South Carolina Cop Charged With the Murder of Walter Scott
We know their names by heart because they’ve become the public faces of a national epidemic. Oscar Grant, Trayvon Martin, Michael Brown, Eric Garner, and Tamir Rice–five names that represent the unjust murder of unarmed black males. But there are many more names on that list, including 53-year-old father of four Walter L. Scott. Scott was shot and killed Saturday by an white South Carolinian police officer while attempting to run away. A graphic of the video of the shooting has surfaced, leading to public outrage and resulting in the officer who shot him being charged with murder.
Be advised that the video below contains both graphic images and language.
According to the New York Times, the officer, Michael T. Slager, 33, attempted to justify the shooting, saying he feared for his life because Scott had taken his stun gun in a scuffle after Slager had stopped him in a Mercedes-Benz for a broken taillight. In the video, however, Scott is seen running away when Slager fires seemingly eight times at his back before finally collapsing.
At a news conference Tuesday, authorities announced that after viewing the video footage, they had decided to charge the officer with murder. North Charleston Mayor Keith Summey said during the news conference.

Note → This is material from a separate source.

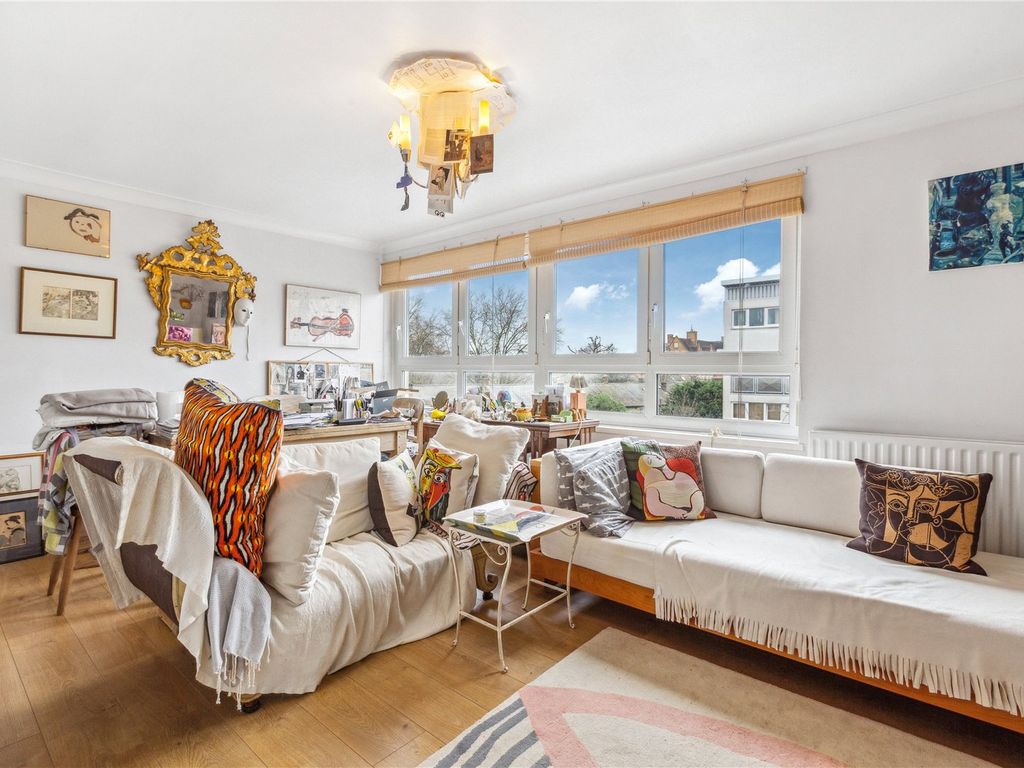 3 bed for sale in Roydon Close, London SW11, £475,000 Zoopla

When you’re wrong, you’re wrong. And if you make a bad decision, don’t care if you’re behind the shield or just a citizen on the street, you have to live by that decision.
Police reports indicate that Officer Slager reported on his radio, “shots fired and the subject is down; He took my Taser” moments after the shooting. But the taser defense story could potentially be a sham. During the initial scuffle at the beginning of the video something looks to have been either tossed or knocked to the ground behind the two men. After the shooting, the officer then runs back toward where the initial scuffle occurred and picks something up off the ground and then appears to drop an object near Scott’s body moments later. Unfortunately it’s tough to determine the full story because the images are shaky and unclear. Many are now speculating that this object was the officer’s taser, which he was potentially planting in order to corroborate his story, but that has yet to be proven by investigators.
The bystander who filmed the video has not yet been identified, but is being hailed as a hero by Scott’s family for providing the footage to them, which they then turned over to the New York Times. In the video below, Walter Scott’s brother and family attorney Chris Stewart react to the shooting, with Stewart making the bold statement “running from an officer doesn’t result in the death penalty.”
Stewart has a vital point that running away should not be a death sentence, but Supreme Court case law may beg to differ. In Tennessee v. Garner the court declared that officers may use deadly force against a fleeing suspect if there’s probable cause that the suspect “poses a significant threat of death or serious physical injury to the officer or others.” Officer Slager may try to use this precedent in his criminal defense or in the civil suit against him that Scott’s family has declared that they intend to file.
This avoidable incident has only helped fuel public distrust for law enforcement as well as raise questions that there may be serious discriminatory problems ingrained in our police forces, as proved evident in Ferguson. One thing however is certain–Walter Scott’s story, while unfortunately not unique, does matter.